Von Christian Böhmer
Heute, Freitag, genau ein Jahr als Innenminister im Amt, hat sich Gerhard Karner im Rahmen des Club 3 den Fragen von KURIER, Kronen Zeitung und profil gestellt. Das sagt Karner über....
...die Zahl der Asylanträge und den Verteilungskonflikt zwischen Bund und Ländern: Zunächst möchte ich mich bei den Ländern und Gemeinden bedanken. Es ist 2022 unglaublich viel gelungen. In den Monaten nach dem Ausbruch von Putins Angriffskrieg haben sich Bund, Länder, Gemeinden , Zivilgesellschaft und Hilfsorganisationen entschlossen, gemeinsam zu helfen. Wir haben 80.000 registrierte Flüchtlinge aus der Ukraine. Die Zahl der Asylwerber und Asylberechtigten beträgt 92.000 – das System kam an seine Grenzen. Daher wurden als Notmaßnahme Zelte verwendet. Warum? Weil es notwendig war, Obdachlosigkeit zu verhindern. Es macht mehr Sinn, dass Menschen – vor allem junge Männer – in Zelten schlafen und nicht auf Dorfplätzen oder unter Bäumen.

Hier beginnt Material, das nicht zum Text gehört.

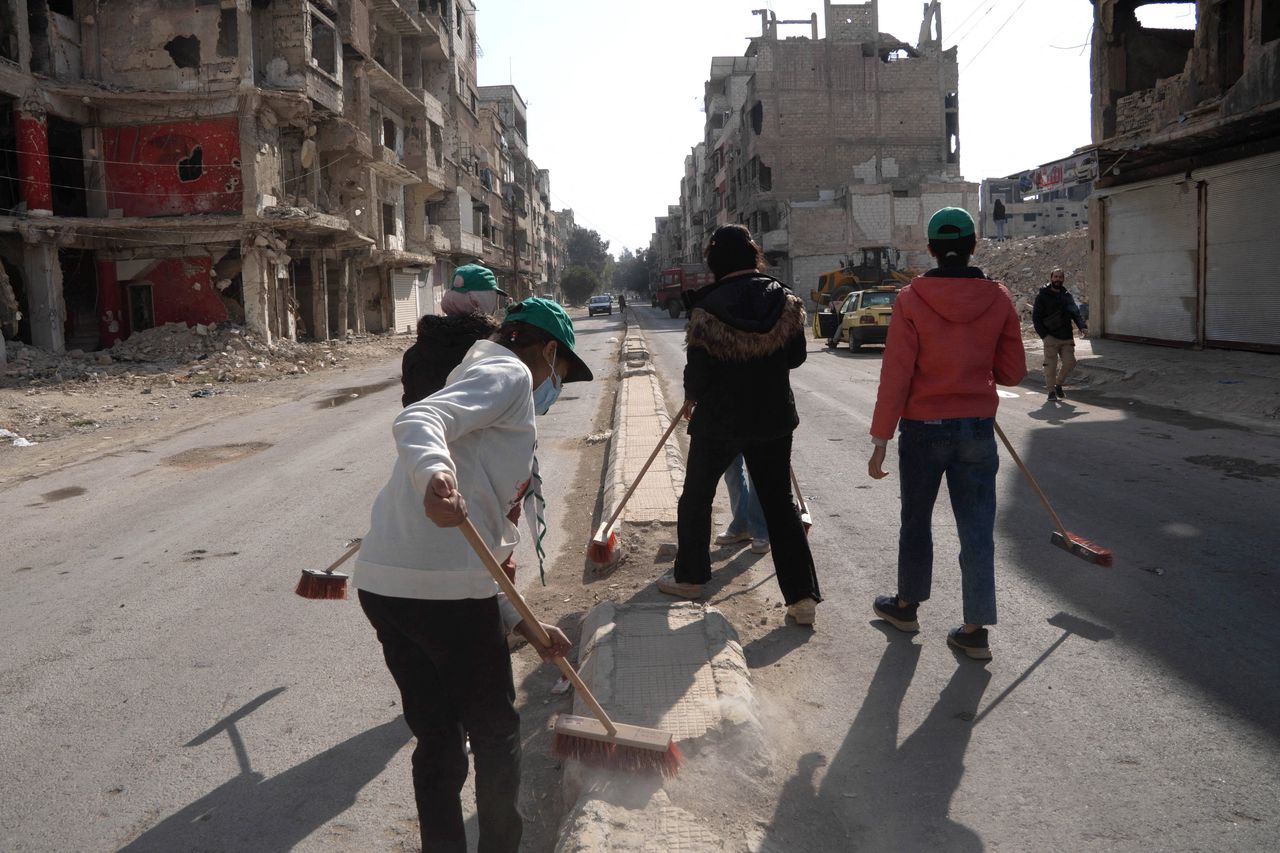 Syrians in the Yarmouk camp in Damascus are clearing debris and trying to make the area habitable again on December 20, 2024.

...den Vorwurf, die ÖVP würde die Asylthematik jetzt instrumentalisieren, um von ihren eigenen, partei-internen Problemen abzulenken:
Das wird unter anderem von SPÖ und Neos behauptet. Faktum ist: Ich habe schon im April vor dieser Situation gewarnt. Niemand hat im Frühjahr dieses Thema aufgegriffen, während ich davor gewarnt habe, dass das auf uns zukommt. Ich habe das auch auf der europäischen Ebene immer wieder klar thematisiert, weil wir die Ersten sind, die diese Welle mit den Wirtschaftsflüchtlingen, die großteils über die Balkanroute kommen, betroffen hat.

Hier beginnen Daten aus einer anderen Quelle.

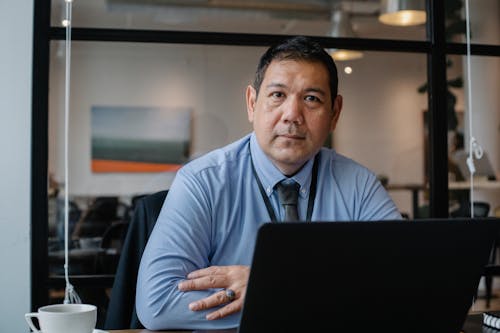 Confident ethnic male entrepreneur using laptop during business work in modern workspace and looking at camera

...über das mögliche Veto Österreichs gegen den Schengen-Beitritt von Rumänien, Bulgarien und Kroatien:
Für uns gilt die Festlegung, dass wir es für sinnvoll halten, Kroatien aufzunehmen und Bulgarien und Rumänien jetzt nicht aufzunehmen. Es kommt (beim Asylsystem, Anm.) darauf an, dass drei grundsätzliche Themen funktionieren: der Außengrenzschutz, die Zurückweisungen und die Verteilung. Faktum ist: Es funktioniert vieles nicht in diesen Bereichen. Und daher müssen wir da weiter arbeiten und weiter kämpfen. Auch mit durchaus harten Konsequenzen.
Zu Ungarn und der Frage, ob die Regierung Nehammer Viktor Orban als Verbündeten betrachten kann:
Es ist unerlässlich, dass der Bundeskanzler mit Serbien und auch Ungarn verhandelt – und wir sehen ja schon erste Erfolge: Die Serben haben die Visapflicht für Tunesier geändert.
...über die kolportierte Parteibuchwirtschaft im Innenministerium:
Das ist eine plumpe und pauschale Unterstellung. Ich habe noch keinen einzigen Mitarbeiter und keine Mitarbeiterin gefragt, ob und welches Parteibuch er oder sie hat. Wir haben exzellente Menschen in diesem Haus. Wenn Bürger an einen Politiker – egal ob er Gemeinderat, Bürgermeister, Landtagsabgeordneter oder Minister ist – keine Anliegen mehr herantragen können, dann haben wir ein Problem.